New subject: [openstack][sharing][kolla ansible]Problems when 1 of 3 controller was be down

12 Apr 2023

      Hi all,

It seems worth noting here that there is a fix ongoing in
oslo.messaging which will resolve the issues with HA failing when one
node is down. See here:
https://review.opendev.org/c/openstack/oslo.messaging/+/866617
In the meantime, we have also found that setting kombu_reconnect_delay
= 0.5 does resolve this issue.

As for why om_enable_rabbitmq_high_availability is currently
defaulting to false, as Michal said enabling it in stable releases
will impact users.
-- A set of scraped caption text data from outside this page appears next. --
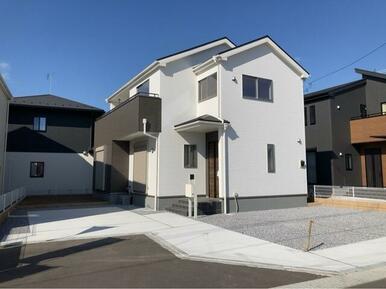 「見かけが好き」も物件選びの立派な決め手のひとつ（5号棟）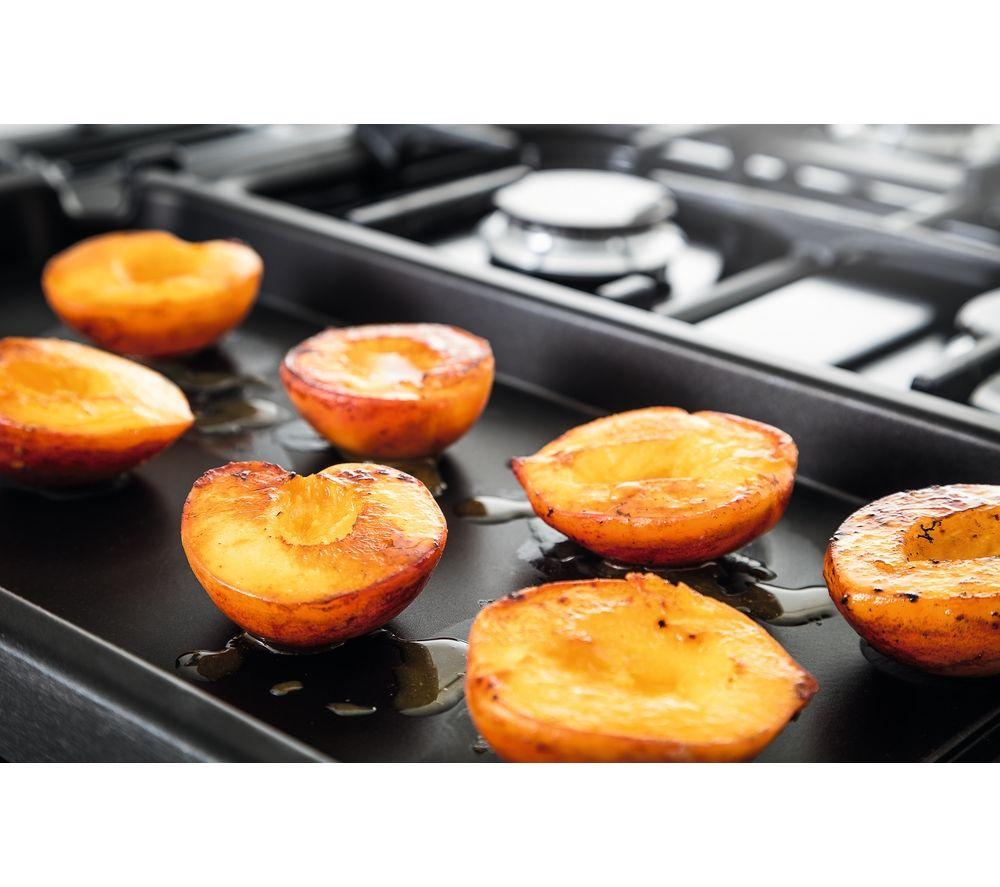RANGEMASTER Nexus SE 110 Dual Fuel Range Cooker - Stainless Steel & Chrome image number 6 of 6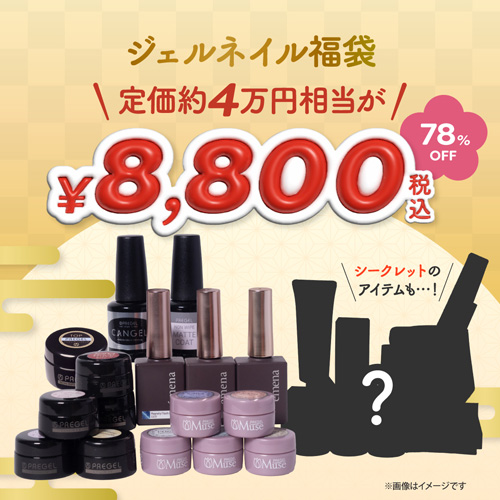 【2026福袋】PREGEL ジェルネイル福袋2026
This is because it enables durable queues, and the
migration from transient to durable queues is not a seamless
procedure. It requires that the state of RabbitMQ is reset and that
the OpenStack services which use RabbitMQ are restarted to recreate
the queues.

I think that there is some merit in changing this default value. But
if we did this, we should either add additional support to automate
the migration from transient to durable queues, or at the very least
provide some decent docs on the manual procedure.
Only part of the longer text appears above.